Savant Blu-ray Review

The Hunchback of Notre Dame
Blackhawk / Flicker Alley
1923 / B&W / 1:33 flat Silent Aperture / 110 min. / Street Date March 18, 2014 / 34.95
Starring Lon Chaney, Patsy Ruth Miller, Norman Kerry, Ernest Torrance, Tully Marshaly
Cinematography Robert S. Newhard
Art Direction E.E. Sheeley, S. Uliman
Film Editor Sydney Singerman, Maurice Pivar, Edward Curtis
Written by Perley Sheehan, Edward Lowe, Jr. from the novel by Victor Hugo
Produced by Carl Laemmle
Directed by Wallace Worsley

Reviewed by Glenn Erickson

In 2007 Blackhawk Films released a good, intact 'Ultimate Edition' DVD of the silent classic The Hunchback of Notre Dame. Fans were excited to hear that a Blu-ray release was on the way, from Blackhawk in conjunction with Flicker Alley this time. We'd all been told that Chaney's breakthrough silent epic now exists only in 16mm prints, and mostly in a digest version. David Shepard, owner of the Blackhawk Films library, still has the best print source. Does this new release represent a marked improvement?

For many years, few film fans could see Chaney's Hunchback at full length. If the truth be told, most 'monster kids' of the 1960s knew the film from the excellent stills that would appear in Famous Monsters of Filmland magazine, and (no joke) through an excellent Aurora plastic model kit depicting Lon Chaney as Quasimodo, suffering on the public whipping wheel. The first clips I saw of Chaney were used as a cheap joke on the syndicated TV show Fractured Flickers. Now we know better.

The original movie is less a monster show than a fairly faithful simplification of Victor Hugo's elaborate historical romance. A straight pageant with few cinematic touches, the strongest element is Lon Chaney's magnetic characterization. While the other players are established with florid inter-titles, Chaney's expressive mime earns rather than demands audience sympathy. Chaney's physical appearance as the misshapen Quasimodo is so convincing, patrons of 1923 can be forgiven for believing that he could magically change his shape to fit his horrid characters. It's entirely credible that an aura of mystery arouse around the chameleon-like actor.

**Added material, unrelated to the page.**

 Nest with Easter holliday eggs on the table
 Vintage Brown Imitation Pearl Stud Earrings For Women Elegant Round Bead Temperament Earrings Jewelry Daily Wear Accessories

It's a big festival day in the center of Paris, and the feeble-minded hunchback Quasimodo (Lon Chaney) is crowned King of the Fools. The beggar chieftain Clopin (Ernest Torrence of Steamboat Bill, Jr.) assigns his thieves and fake beggars to work the crowd while his adopted daughter Esmeralda (Patsy Ruth Miller) entertains as a gypsy dancer. She immediately wins the heart of the officer Phoebus (Norman Kerry). Quasimodo observes as well, also struck by her beauty. Esmeralda rescues the poet Gringoire (Raymond Hatton) from Clopin's rabble while the unscrupulous Jehan (Brandon Hurst) uses Quasimodo in an attempt to kidnap the dancer. Phoebus rescues her and Quasimodo is unjustly punished with a public whipping. Clopin's beggars are ready to strike back at the hated aristocrats when the jealous Jehan stabs Phoebus, framing Esmeralda for the crime. Quasimodo saves his beloved gypsy from hanging and carries her to the sanctuary of the church. The state and the mob both want Esmeralda, but the hunchback defends Notre Dame from all entry.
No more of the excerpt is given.